The recurring idea of Erlang on Xen is to keep an interface and change its implementation according to the vision of a truly scalable cloud. One such interface is a ‘filesystem’. It was fully reimplemented to expose mostly synthetic files and files accessible over the network. Contrary to the industry custom, our current implementation does not embrace locally-attached block devices. For such devices, a key/value datastore is being designed, that should expose a different interface – ‘ets/dets’.
We strive to support all important Erlang applications with our LING VM. Adaptation of ejabberd proved that we need to support at least a mockery of a filesystem over a writable block device. Such mockery is the GooFS filesystem described here.

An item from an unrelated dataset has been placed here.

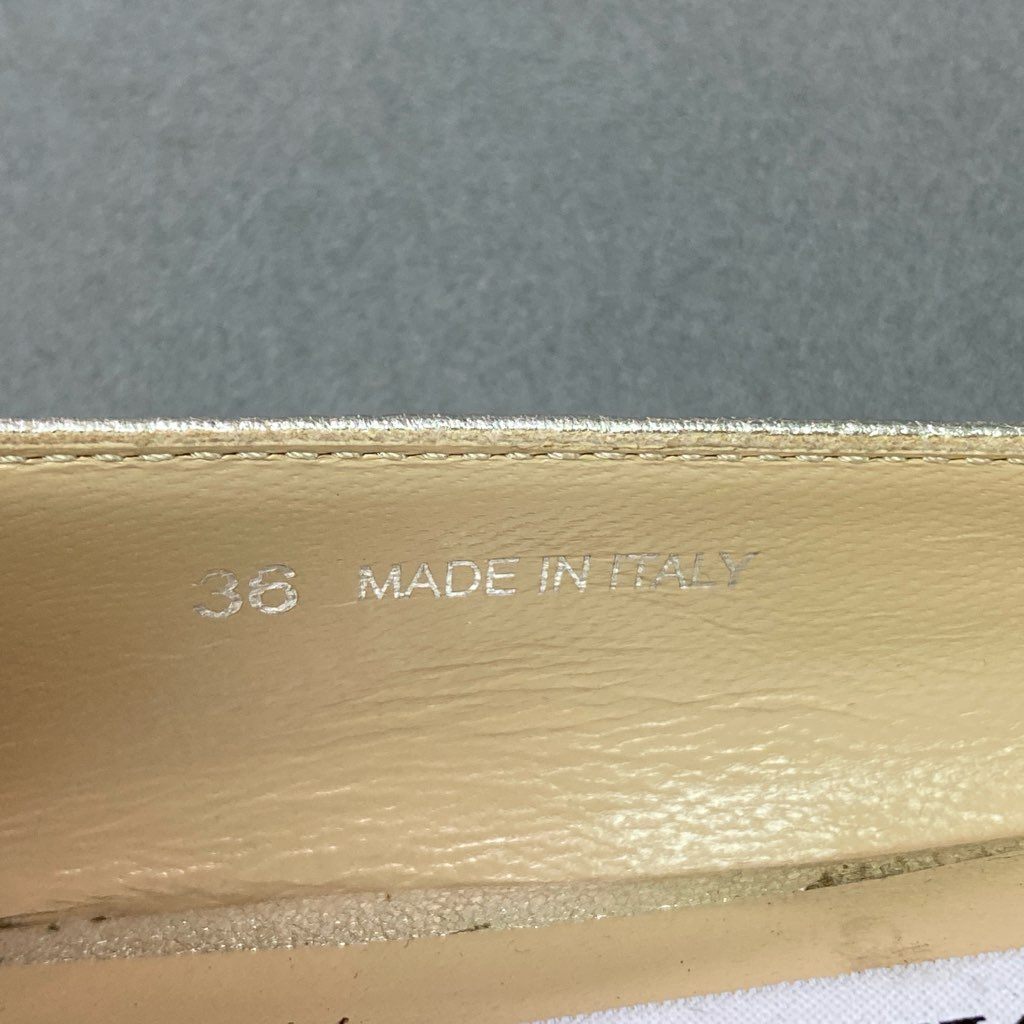 3d7 JIMMY CHOO ジミーチュウ フラットシューズ バレエシューズ メタリック ビジューバックル パンプス ラウンドトゥ 36 シルバー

A GooFS formatted block device usually serves as a backend for a mnesia database that keeps data in several dets tables mapped one-to-one to files. For example, the mnesia database of ejabberd uses 29 files all created in a single directory. The longest file name is 23 characters. This directly translates into design constraints of the new filesystem.
A flat filesystem, no directories
A limited number of files, at least 256
A file name may be long, at least 256 chars
Must not get corrupted easily, should survive domain_poweroff()
Must be easy to implement, in a few days
Note that GooFS is not the only modern filesystem, which is flat. See Amazon S3.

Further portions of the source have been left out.